# Were there many multi-gauge steam locomotives?



## Jerry McColgan (Feb 8, 2008)

We have come to associate some locomotive types with narrow gauge and others with standard gauge. Some were converted from one gauge to another.

There must be some reasons why certain types were used on one gauge but not on other gauges. Obviously no one would build a Big Boy to run on narrow gauge so I am really talking more about the Mikados and smaller locos. Size would seem to be an obvious answer but perhaps it is more complicated than that because many tiny locomotives were used on standard gauge.

Is there such a thing as a group of locos that would have been primarily narrow gauge, another list of those which were primarily standard gauge and others that were about as common on one gauge as another?

Just curious.

Jerry


----------



## Steve Stockham (Jan 2, 2008)

Jerry,
You actually partially answered your own question. The smaller locomotive wheel arangements were utilized both on standard and narrow gauges. The 4-4-0 American, 2-6-0 Mogul, 2-8-0 Consolidation, 4-6-0 Ten Wheeler, 2-8-2 Mikado were all regular designs for both standard and narrow gauge although the 4-4-0 and 2-6-0 especially were seen in standard gauge more in the 19th century. The 2-4-2 and 2-6-2 wheel arangements were designed to move both ways equally well and as such were seen more on narrow gauge whereas the 0-6-0 and 0-4-0 switchers were seen more on standard gauge roads. The 4-4-2 Atlantic was a standard gauge design with only one narrow gauge example. The 4-6-2 Pacific was also a standard gauge design. Narrow gauge locomotives never had exceptionally large drivers that were required for speed. They were always squat, low riding relatively small drivered locomotives. The 2-8-2 Mikado was about as large as a narrow gauge locomotive would ever get. Even then, in order to need the extra wheels, the engine had to be outside frame so that the boiler would be large enough for the firebox to require a trailing truck. Anything larger was standard gauge only. Geared locomotives came in all gauges.

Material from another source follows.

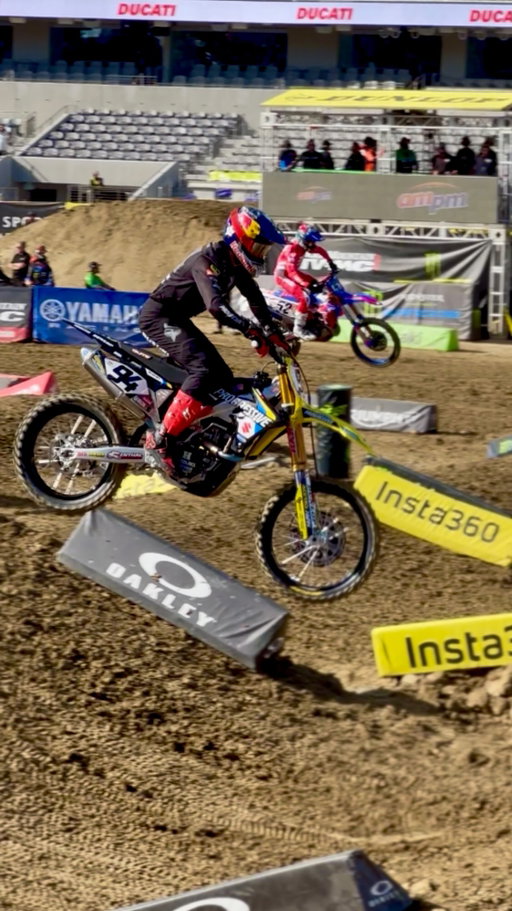 Congrats to @kenroczen94 for becoming supercross champion 🏆.

@supercrosslive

By the time the 2-8-2 Mikados were starting to show up the narrow gauge had already begun it's decline. 2-6-0 Moguls would survive for a couple of decades on some narrow gauge roads like the C&S but for the most part, the 2-8-0 Consolidation became the workhorse of the narrow gauge. Mikados like the new Class 125 (later known as the K-27) were considered "monster locomotives" and were too big for some of the branches. They were restricted to running on "improved" trackage that had heavier rail and reinforced bridges and trestles. It's ironic that the K-36 2-8-2 Mikado is the main motive power for the Durango & Silverton as well as the Cumbres & Toltec Scenic RR (both part of the original D&RGW narrow gauge system) and that the 2-8-2 Mikado is also the main motive power for the East Broad Top as these are three of the five best known narrow gauge roads still in existence.


----------



## Totalwrecker (Feb 26, 2009)

Another facet to consider is the rail underneath. I read recently where a NG 2-8-0 was sent back because it was too heavy for their rails.... 

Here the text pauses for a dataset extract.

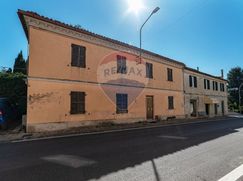 Casa Bi/Trifamiliare in Residenziale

I seem to remember tho' that there were narrow ga. articulateds, but they spread out the load... 

John


----------



## Spule 4 (Jan 2, 2008)

Well, kind of yes and no. Case in point, there were many small narrow gauge locos in Europe that were constructed for the "30 zoll" lines, which could range from 750mm to 790mm, depending on the length of the "inch" in that country. So each country had its loco set to the gauge. Easier on the outside frame ones. 

The HF110 immediately comes to mind.... 

Then there were some locos that did double duty, this one should look familiar to all you LGB fans: 

http://img264.imageshack.us/img264/2466/a416nx0.jpg

Note while narrow gauge, it has standard coupling for working dual gauge trackage.


----------



## andyb (Apr 19, 2008)

Taking your question at face value, the Great Western Railway in the UK had a number of gauge-convertible classes of steam locomotives that originally ran on both that company's broad gauge (7 foot and a quarter inch), and later interchangeably on the broad and standard (4' 8 1/2") mixed gauge systems, and after 1892 when broad gauge was discontinued, solely as 4' 8 1/2" gauged locomotives on what became 'standard gauge'.

Andy B


----------



## Jerry McColgan (Feb 8, 2008)

I appreciate everyone's comments.

I find the operations in various gauges interesting yet in large scale there seems to be sort of an assumption that certain locos are automatically assumed to be of a particular gauge. This makes sense when the original was only made in a certain gauge (like a Challenger or a Uintah Mallet) but confusing when referring perhaps to a Mogul or Consolidation.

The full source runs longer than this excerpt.